■ What to produce
Skip all pictures. Set down only the lines starting at the line containing "Ryc. 2. Odpowiedzi" and running to the end of the listing.

■ Data excerpt
◇ ◇ ◇ ◇ ◇

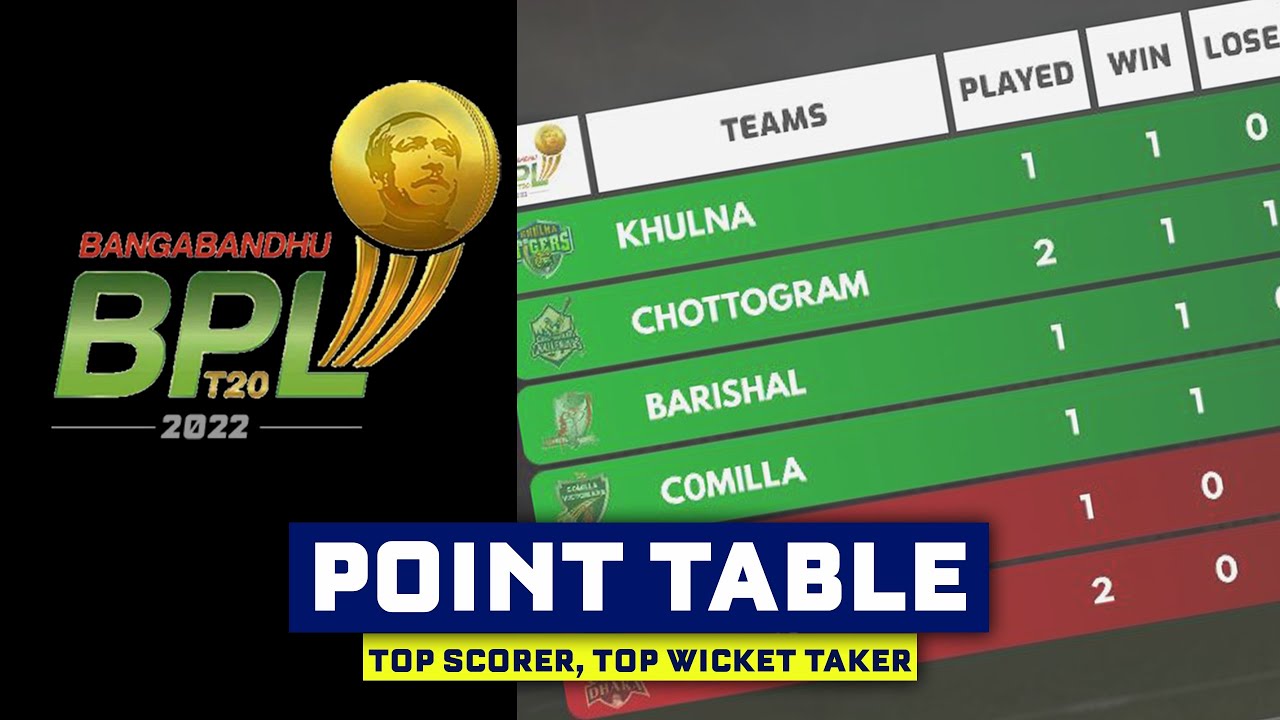 BPL 2022 Point Table, Top Scorer, Top Wicket Taker Update on 5th Feb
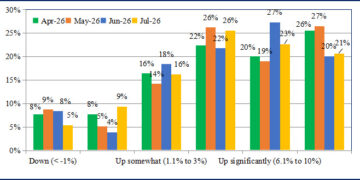 Inflation refuses to blink, but business confidence gets a lift: IIM Ahmedabad study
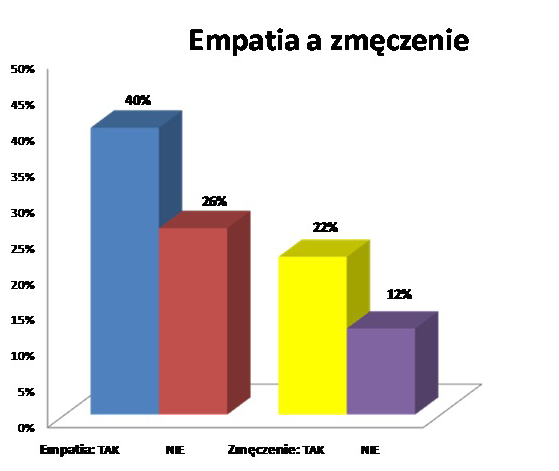 Ryc. 2. Odpowiedzi respondentów dotyczące związku empatii i zmęczenia wyniósł p = 0,022; Chi^2=5,246. Przy 22% odsetku odpowiedzi respondentów na zmęczenie poziom współodczuwania osiągnął wynik 40%.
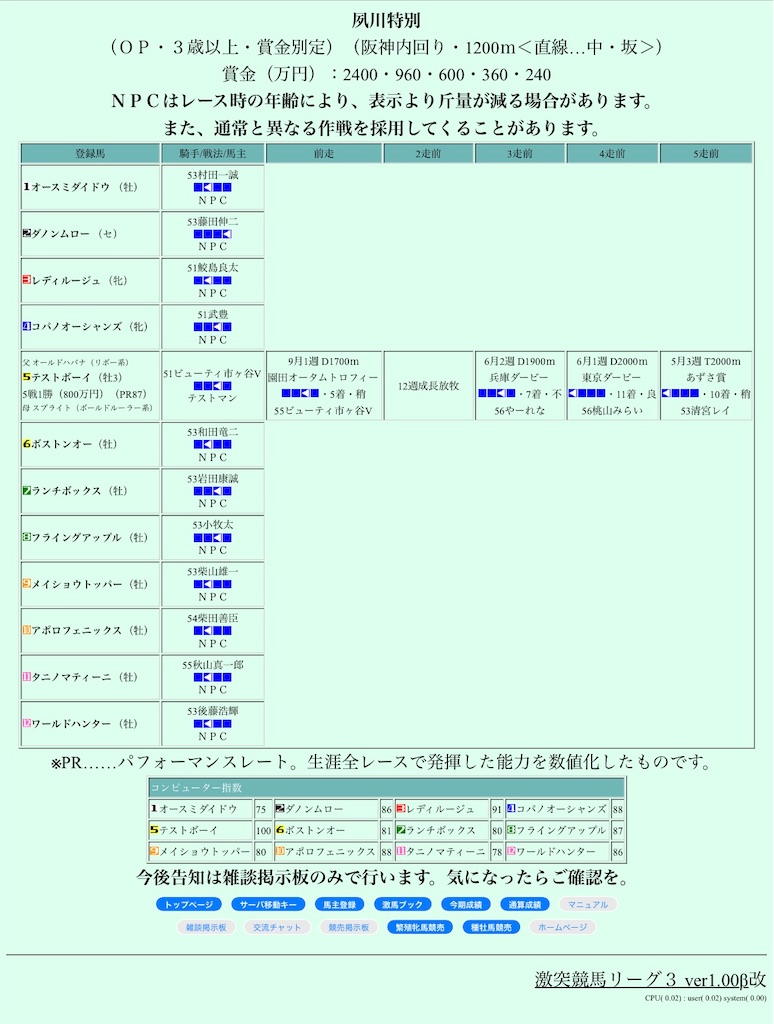 f:id:Marvelous_Sewer:20220130144320j:image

◇ ◇ ◇ ◇ ◇

■ Solution to the exercise
 Ryc. 2. Odpowiedzi respondentów dotyczące związku empatii i zmęczenia wyniósł p = 0,022; Chi^2=5,246. Przy 22% odsetku odpowiedzi respondentów na zmęczenie poziom współodczuwania osiągnął wynik 40%.
 f:id:Marvelous_Sewer:20220130144320j:image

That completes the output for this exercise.